Commenting on discrepancies between Halifax and Nationwide’s latest house price indices, he says most indices measure different things and figures for any given month, but these two lenders are the exception because they are broadly designed to calculate the same thing on almost the same timeframe.
Boulger says: “This begs the question as to why they often vary so much, particularly on a monthly basis.
“One issue hampering all house price index compilers is the current historically low level of transactions. Nationwide has roughly maintained its market share in the current much smaller market, but Halifax’s market share has fallen and this means there is a double whammy effect for Halifax in terms of having to base its figures on a smaller share of a smaller market.
“Notwithstanding these challenges, a major reason for differences between monthly figures from these two lenders is that the figures they announce in their press releases are seasonally adjusted.”
He says Nationwide provides the non-seasonally adjusted figures for average house prices in its press release, but Halifax fails to do so.
“The February figures from each lender provide a good example of how the seasonal adjustments are seriously distorting the way house price changes are reported. Halifax reported a seasonally adjusted fall of 0.9% for February but the real change was + 0.1%, whereas Nationwide reported a seasonally adjusted increase of 0.3% but its real figure was unchanged on the month.
“Thus the real house price change in February recorded by both lenders only differed by 0.1%, well within the impact of sampling differences, whereas the seasonal adjustments applied by the lenders differed by a whopping 1.3%, with Nationwide increasing the real figure by 0.3% and Halifax reducing it by 1.0%. This makes nonsense of the seasonal adjustments and hence the reported figures.”

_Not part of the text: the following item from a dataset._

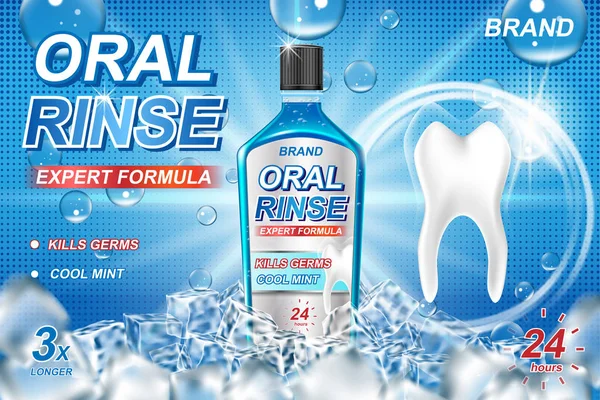 Anúncios de lavagem bucal, refrescante produto de lavagem bucal com cubos de gelo. White tooth and Oral rinse package Banner design on blue background. ilustração vetorial 3d . —  Vetores de Stock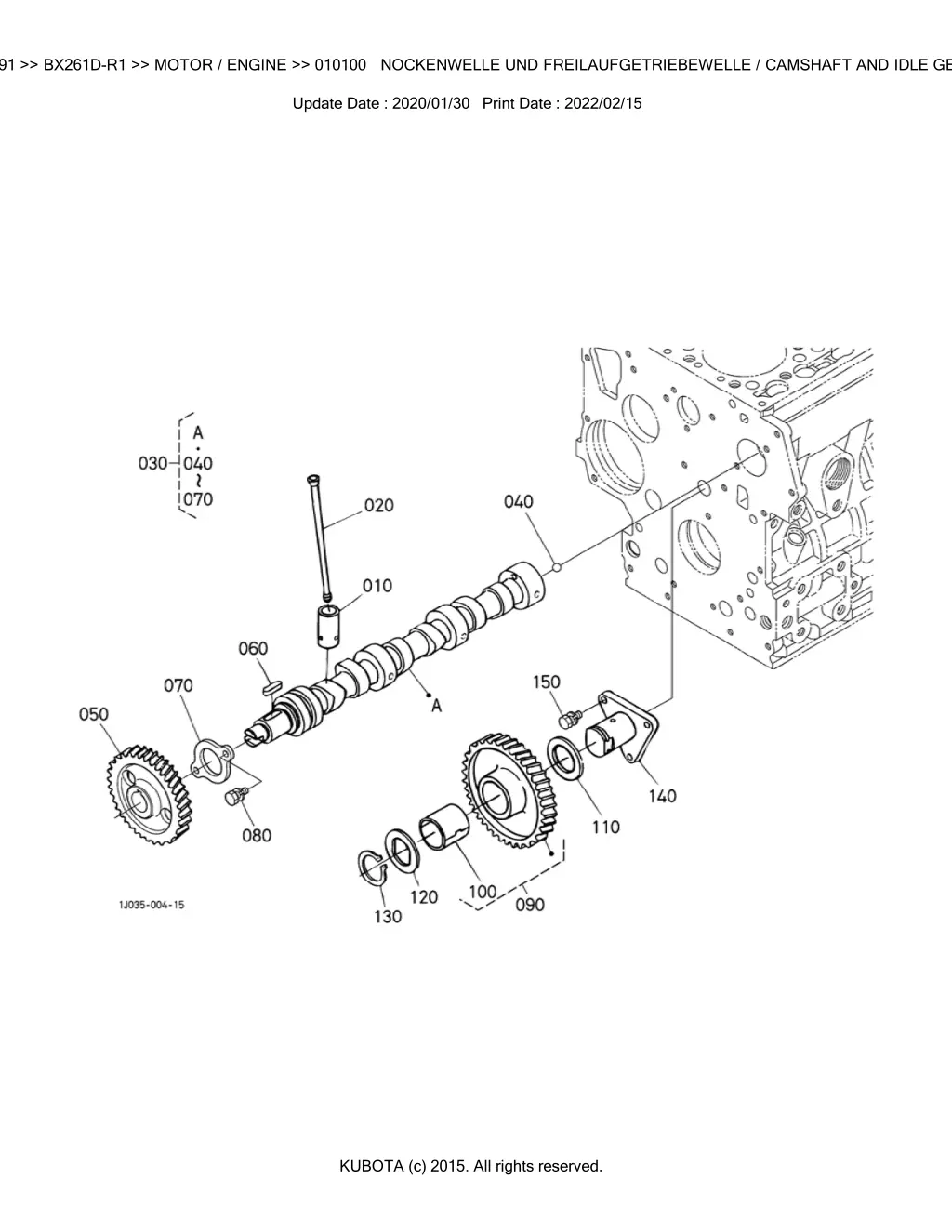 bkidk5291 bx261d r1 motor engine 010100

Boulger explains Nationwide uses the US Bureau of the Census X12 for its seasonal adjustment calculations, whereas Halifax uses the US Bureau of the Census X11.
He says: “The fact these two methods of adjustment produce such different results suggests that either one or both of them are flawed, or one of them is not suitable for the purpose for which one of the lenders is using it.
“Many factors affect house prices, some more than the seasons. Changes in interest rates and consumer confidence and significant changes in mortgage criteria and availability all have a critical input. The various house price indices would be much more useful if the focus of the reporting was on the real figures.
“If necessary the government could take the lead here, in the interest of increasing clarity in these economically-important monthly statistics. The review of the various house price indices currently being carried out by the government provides an ideal opportunity to assess how presentation of the data can be improved.”
Boulger adds: “If investors, encouraged by regulators, had not blindly relied on flawed assessments on credit quality by the rating agencies but instead made their own judgement of the quality of so called triple AAA securities, the credit crunch might well have been much less severe.
“Because the movement in house prices is such an important factor influencing many UK policy makers, it is vital everyone concerned has good access to the real figures, which then allows individuals to formulate their own view as to how important seasonal influences are.”